1. jordan basis problem

find th jordan form of A and find P for which $J=P^{-1}AP$
$A=\left(\begin{array}{ccc}1 & -3 & 3\\-2 & -6 & 13\\-1 & -4 & 8\end{array}\right)$
$|kI-A|=\left|\begin{array}{ccc}k-1 & +3 & -3\\2 & k+6 & -13\\+1 & +4 & k-8\end{array}\right|=(k-1)[(k+6)(k-8)+52]-3[2(k-8)+13]-3[8-k-6]$
$=(k-1)[k^{2}-8k+6k-48+52]-3[2k-16+13]-[2-k]=(k-1)[k^{2}-2k+4]-3[2k-3]-[2-k]=k^{3}-2k^{2}+4k-k^{2}+2k-4-6k+9-2+k=k^{3}-3k^{2}+k+3$

the answer in the book is that the caracteristic polinomial is $(x-1)^3$
why??

then regarding the finding of the basis problem
dont know what they have done here
any guidence
??

2. Re: jordan basis problem

check your arithmetic! you dropped a factor of 3 from the term -3[8-k-6] (you should have -3[2-k] at the end, not -[2-k]).

as far as finding P goes, i believe that dim(ker(A-I)) = 1 (prove this!), so the Jordan form of A is:

$\begin{bmatrix}1&1&0\\0&1&1\\0&0&1 \end{bmatrix}$

now A-I has nilpotency 3, right? so we can pick any vector in R^3 for an element in ker((A-I)^3).

it appears your text has chosen v1 = e1, and then chosen

v2= (A-I)v1, which is in ker((A-I)^2), but not in ker((A-I)^3), so...

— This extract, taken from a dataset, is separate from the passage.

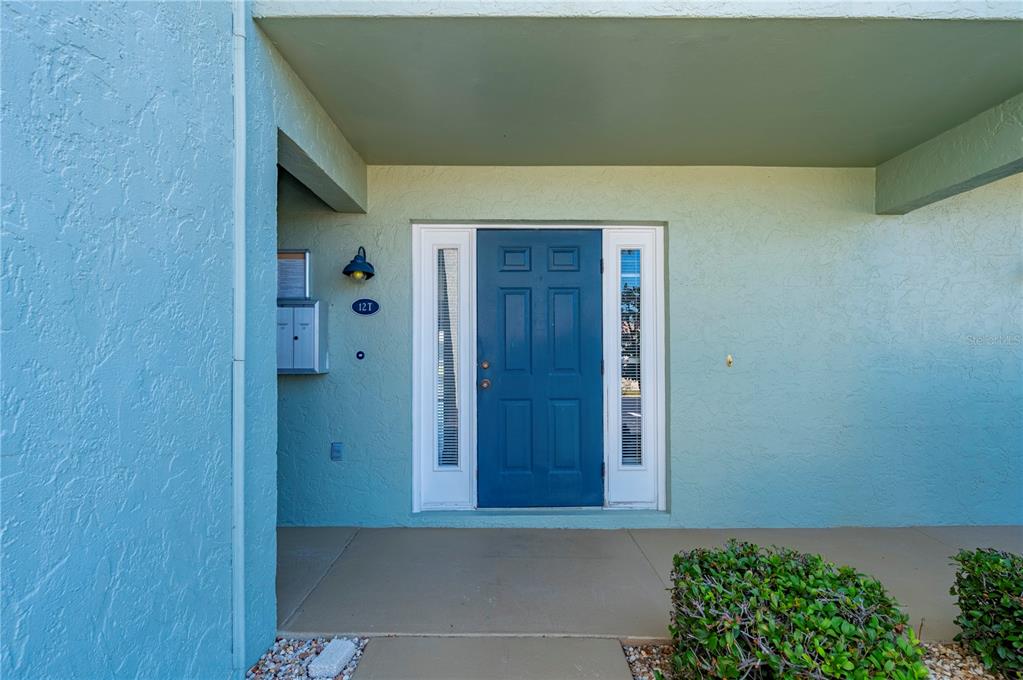 A blue front door with side windows is set into a light blue stucco exterior wall — 1400 MINEO DRIVE UNIT 12T, PUNTA GORDA, FL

3. Re: jordan basis problem

how did you know that A-I has nilpotency of 3?
its a lot of calulations to do
(A-I)(A-I)=A'
A'A'=0
did you actually calculated these 2 multiplications
??

4. Re: jordan basis problem

no, i deduced that it has nilpotency 3 from the fact that there is only 1 Jordan block.

5. Re: jordan basis problem

the number of jordan blocks=order of matrices-the rank of A

number of jordan blocks=3-the rank of A

for row reduction i got 3 independant lines
so the rank is 3
so the rank of A=3-3=0
which is wrong?
where is my mistake

6. Re: jordan basis problem

you agree that A-I is nilpotent, right? since A is not I, it's nilpotency must be 2 or 3. now we could verify (A-I)^2 is non-zero, or...

we could find the dimension of the eigenspace E1, which is ker(A-I), which will tell us the number of Jordan blocks.

you are checking the rank of the wrong matrix, try checking the rank of A-I.

7. Re: jordan basis problem

you must multiply it by itself and get zero and some point in order to establish that its nilpotent
how do you see that its nilpotent just from looking at a matrices?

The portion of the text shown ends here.